Has user info, and 「protocol」, as well as the encoders and compression the client will use sending CellBlocks. CellBlock encoders and compressors are for the life of the connection. CellBlock encoders implement org.apache.hadoop.hbase.codec.Codec. CellBlocks may then also be compressed. Compressors implement org.apache.hadoop.io.compress.CompressionCodec. This protobuf is written using writeDelimited so is prefaced by a pb varint with its serialized length
After client sends preamble and connection header, server does NOT respond if successful connection setup. No response means server is READY to accept requests and to give out response. If the version or authentication in the preamble is not agreeable or the server has trouble parsing the preamble, it will throw a org.apache.hadoop.hbase.ipc.FatalConnectionException explaining the error and will then disconnect. If the client in the connection header -- i.e. the protobuf’d Message that comes after the connection preamble -- asks for for a Service the server does not support or a codec the server does not have, again we throw a FatalConnectionException with explanation.
After a Connection has been set up, client makes requests. Server responds.
A request is made up of a protobuf RequestHeader followed by a protobuf Message parameter. The header includes the method name and optionally, metadata on the optional CellBlock that may be following. The parameter type suits the method being invoked: i.e. if we are doing a getRegionInfo request, the protobuf Message param will be an instance of GetRegionInfoRequest. The response will be a GetRegionInfoResponse. The CellBlock is optionally used ferrying the bulk of the RPC data: i.e Cells/KeyValues.
The request is prefaced by an int that holds the total length of what follows.

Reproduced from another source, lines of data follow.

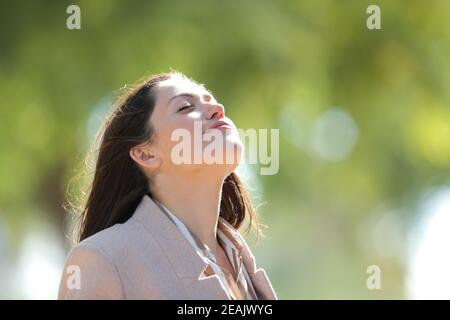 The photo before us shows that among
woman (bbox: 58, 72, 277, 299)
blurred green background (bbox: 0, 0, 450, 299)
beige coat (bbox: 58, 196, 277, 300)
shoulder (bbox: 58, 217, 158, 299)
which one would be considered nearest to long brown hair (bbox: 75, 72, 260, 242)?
woman (bbox: 58, 72, 277, 299)

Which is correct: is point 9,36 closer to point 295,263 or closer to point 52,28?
point 52,28

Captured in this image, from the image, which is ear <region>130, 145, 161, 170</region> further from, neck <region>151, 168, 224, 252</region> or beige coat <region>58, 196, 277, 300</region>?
beige coat <region>58, 196, 277, 300</region>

Will have call.id, trace.id, and method name, etc. including optional Metadata on the Cell block IFF one is following. Data is protobuf’d inline in this pb Message or optionally comes in the following CellBlock
If the method being invoked is getRegionInfo, if you study the Service descriptor for the client to regionserver protocol, you will find that the request sends a GetRegionInfoRequest protobuf Message param in this position.
Same as Request, it is a protobuf ResponseHeader followed by a protobuf Message response where the Message response type suits the method invoked. Bulk of the data may come in a following CellBlock.

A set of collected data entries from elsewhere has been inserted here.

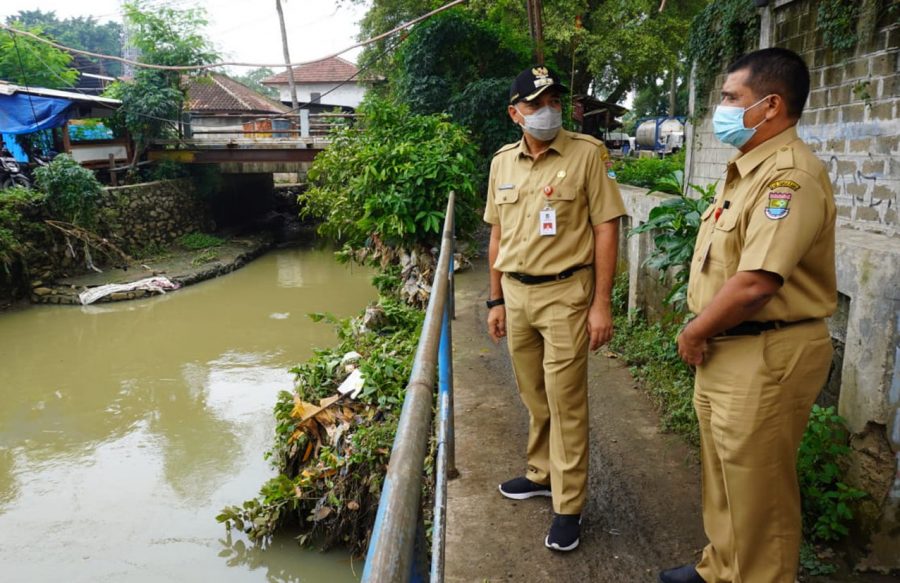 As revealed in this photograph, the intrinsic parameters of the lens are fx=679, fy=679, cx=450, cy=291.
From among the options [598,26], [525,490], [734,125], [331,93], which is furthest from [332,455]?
[331,93]

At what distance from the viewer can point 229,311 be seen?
11.6m

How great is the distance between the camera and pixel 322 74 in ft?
108

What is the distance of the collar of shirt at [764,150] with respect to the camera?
1.70 metres

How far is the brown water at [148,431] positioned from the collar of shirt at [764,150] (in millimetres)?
3483

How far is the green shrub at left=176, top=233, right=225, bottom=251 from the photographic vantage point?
52.5 ft

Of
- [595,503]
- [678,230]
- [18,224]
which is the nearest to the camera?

The response is prefaced by an int that holds the total length of what follows.
Will have call.id, etc. Will include exception if failed processing. Optionally includes metadata on optional, IFF there is a CellBlock following.
Return or may be nothing if exception. If the method being invoked is getRegionInfo, if you study the Service descriptor for the client to regionserver protocol, you will find that the response sends a GetRegionInfoResponse protobuf Message param in this position.
There are two distinct types. There is the request failed which is encapsulated inside the response header for the response. The connection stays open to receive new requests. The second type, the FatalConnectionException, kills the connection.
Exceptions can carry extra information. See the ExceptionResponse protobuf type. It has a flag to indicate do-no-retry as well as other miscellaneous payload to help improve client responsiveness.
In some part, current wire-format -- i.e. all requests and responses preceeded by a length -- has been dictated by current server non-async architecture.
We went with pb header followed by pb param making a request and a pb header followed by pb response for now. Doing header+param rather than a single protobuf Message with both header and param content:
Is closer to what we currently have
Having a single fat pb requires extra copying putting the already pb’d param into the body of the fat request pb (and same making result)
We can decide whether to accept the request or not before we read the param; for example, the request might be low priority. As is, we read header+param in one go as server is currently implemented so this is a TODO.
The advantages are minor. If later, fat request has clear advantage, can roll out a v2 later.